DATA FOR THIS TASK:
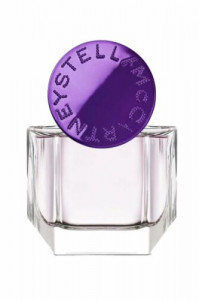 STELLA McCARTNEY POP BLUEBELL EDP 30ML WODA PERFUMOWANA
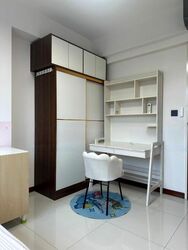 Blk 681A Woodlands Drive 62 (Woodlands), HDB 4 Rooms #481104121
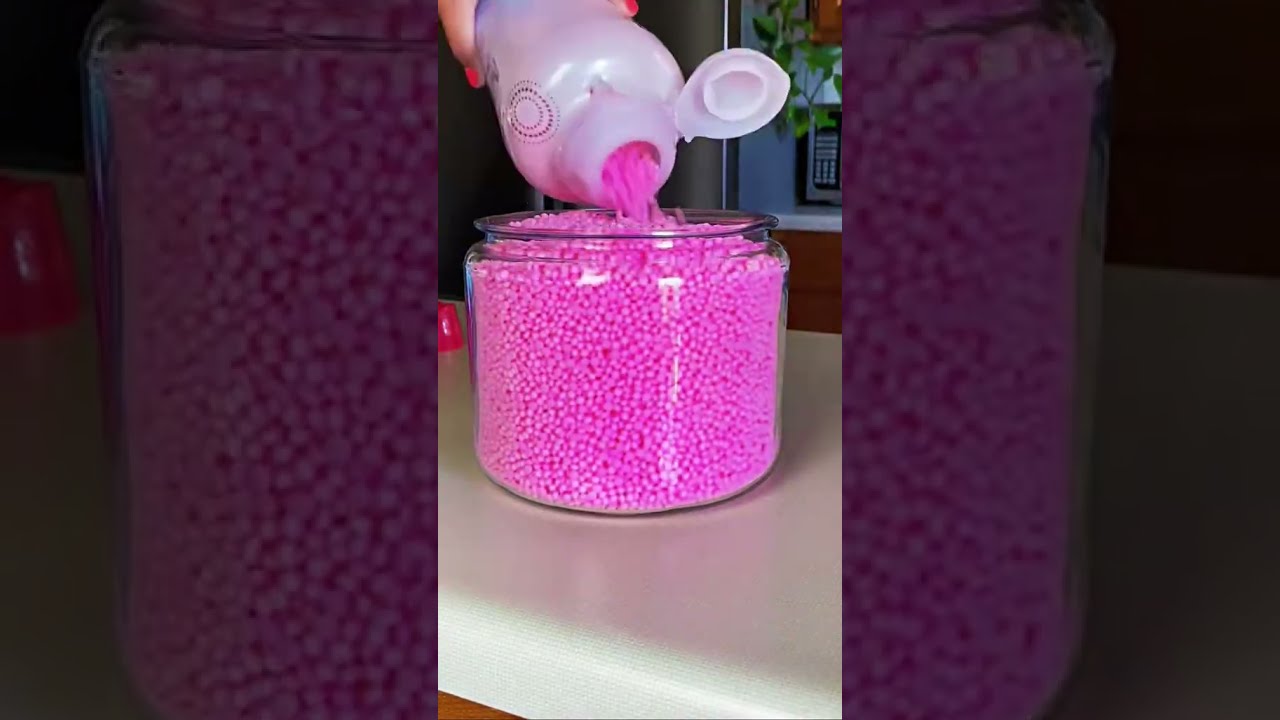 ASMR Laundry Restocks Asmr Restockasmr Cleaning Pantry Refill Random Organization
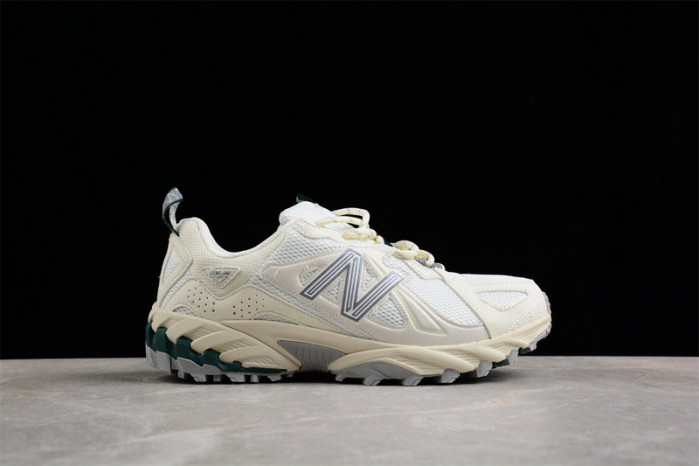 new balance 610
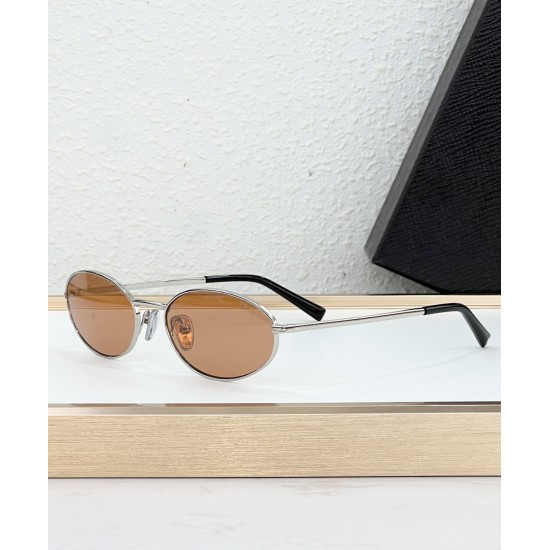 Prada Glasses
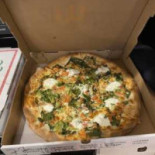 Franco's Pizza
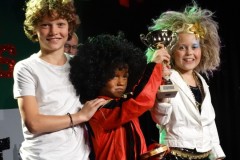 S.K.I.P.-got-talent-07-10-2017-Foto-Corne-Wijnings-55-Groot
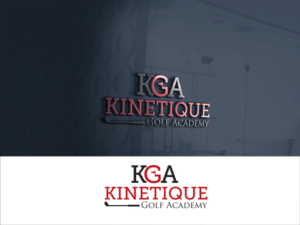 Logo Design by A S design @ for this project | Design: #15759055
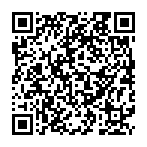 www.houseinfo.tw房屋網-公館鄉廠房-QRCode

WHAT YOU HAVE TO DO: The answer must be an exact copy of the lines from the one that holds "Franco's Pizza" through the end of the data, both included, with no pictures.

EXERCISE SOLUTION:
 Franco's Pizza
 S.K.I.P.-got-talent-07-10-2017-Foto-Corne-Wijnings-55-Groot
 Logo Design by A S design @ for this project | Design: #15759055
 www.houseinfo.tw房屋網-公館鄉廠房-QRCode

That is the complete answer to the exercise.